How to Use faker in a Hash-like Anonymization Function

89 views Asked by At

I'm looking for a function to make reproducible string anonymizations. Right now I'm focused on names, and I'd like a hash-like function which maps an input name string to a unique output name.

>> anon_name('Alice Lopez')
'Grant Forsythe'

Since this project will be open-source, there can't be an explicit lookup table where the input name can be found from the output. If possible, I'd also like to avoid having to store any sort of external lookup table; I'd rather keep it all contained in a single function.

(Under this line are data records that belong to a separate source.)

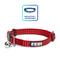Show in main carousel: Pawtitas Nylon Reflective Breakaway Cat Collar with Bell, Red, 7 to 11-in neck, 3/8-in wide slide 1 of 10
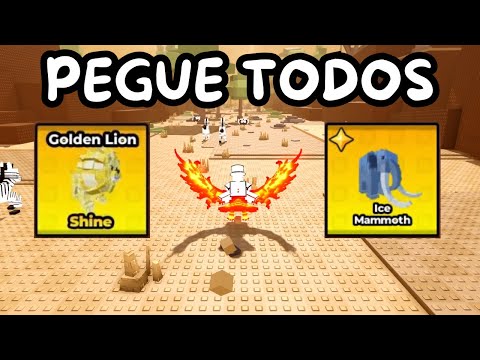 COMO PEGAR ANIMAIS SHINE NO LEVANTAR ANIMAIS DO ROBLOX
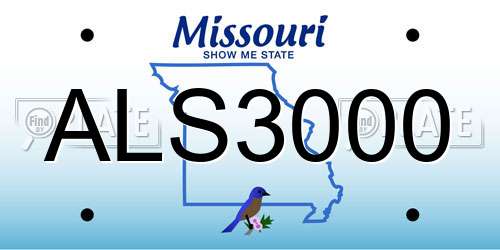ALS3000 Missouri License Plate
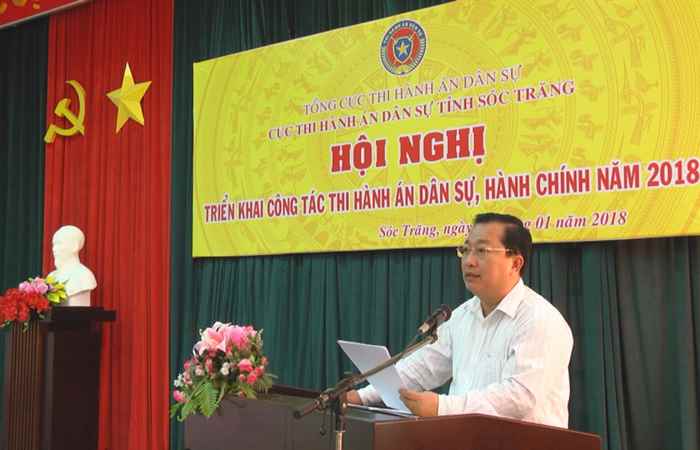 Sóc Trăng:  hội nghị triển khai công tác thi hành án dân sự, hành chính năm 2018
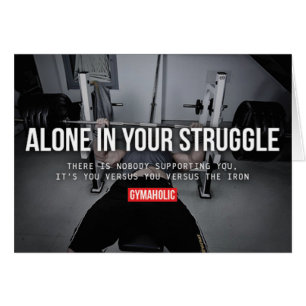 Motivationales Fitness Gym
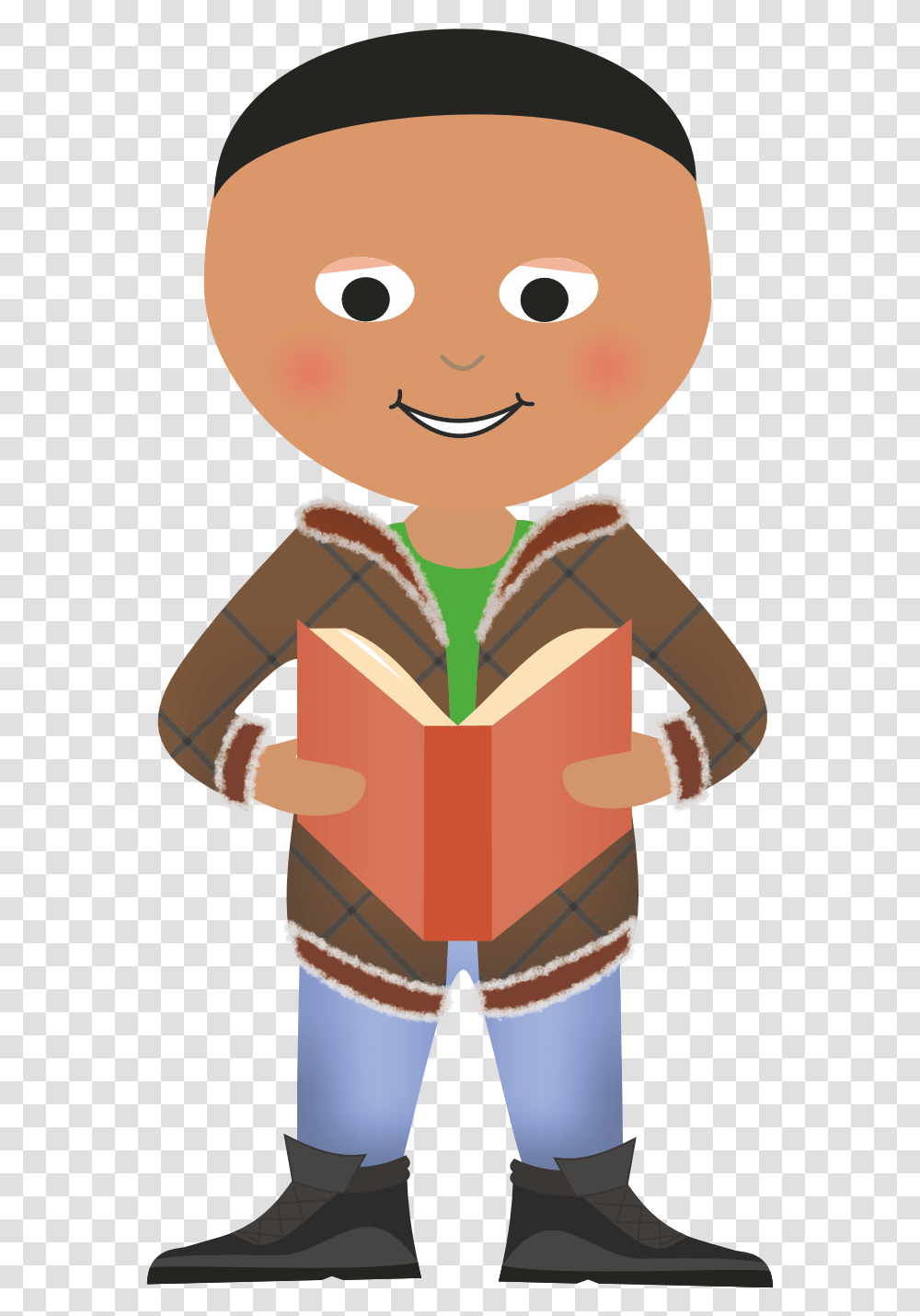 A Boy Reading A Book Clipart Banner Freeuse New Year Standing Up Reading Clipart, Person, Human, Photography, Food Transparent Png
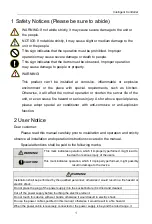 Preview for 7 page of Gree ME20-24/D1(T) Owner'S Manual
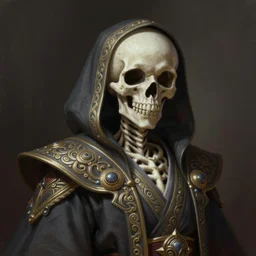 painted portrait of squigly from skullgirls game, upper body, robe fantasy intricate elegant highly detailed digital painting, artstation, concept art, smooth, atmospheric lighting sharp focus illustration art by craig mullins greg rutkowski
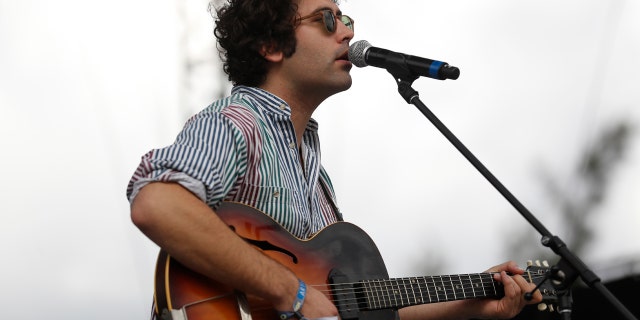 Miles Michaud, lead singer of the California band Allah-Las, performs during the second and last day of the Corona Capital Music Festival in Mexico City in November 2016.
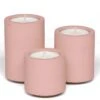 Concrete & Wax Tealight Trio Blush - Hand-Poured Stackable Concrete Candle Holder Set -Fatbuddha Store tealight trio blush p27635 115380 medium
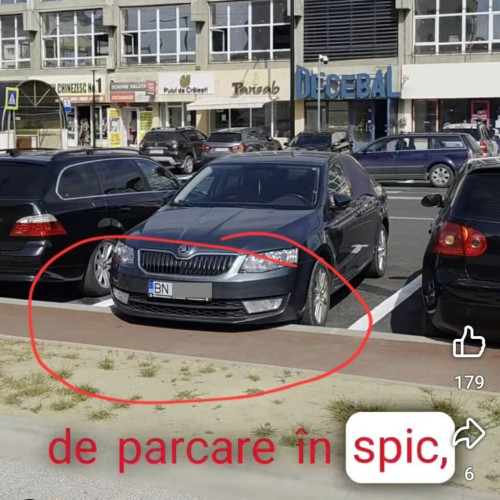 Probleme cu parcările în Bistrița: bicicliștii, în pericol din cauza noilor amenajări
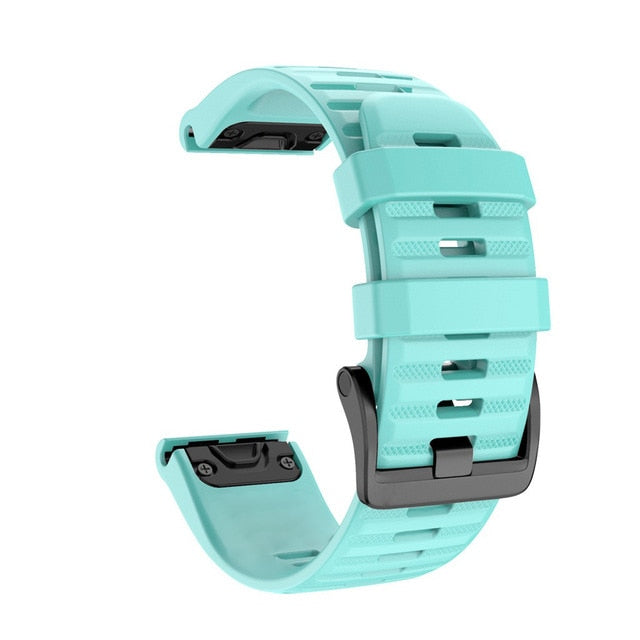 Soft Silicone Quick Release Watchband Wriststrap for Garmin Watch Easyfit Watch Wrist Band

The faker library seems to provide the bulk of the functionality I want. It can generate lots of names based on a random number generator. But from what I've read there's no reproducible hash-like capability to map an input to a generated name. I thought that maybe I could use the input name to set the random seed every time before generating an output, something like:

class FakeMapper():
    def __init__(self):
        self.fake = Faker()

    def anon_name(name: str) -> str:
        Faker.seed(hash(name))
        return self.fake.name()
  1. Does this implementation have any performance or data security problems? I figure there is some collision risk with the random generator producing the same name for two different seeds, but I can think of some workarounds.
  2. Is faker's implemented with lookup tables such that someone would be able to back out what random seed(s) would produce a given initial output? For this application that's not a security issue since I'm calling hash() on the name, but it could matter for some other data types I'm making similar anonymization functions for.
  3. Is there another implementation that makes more sense for my requirements?
0

There are 0 answers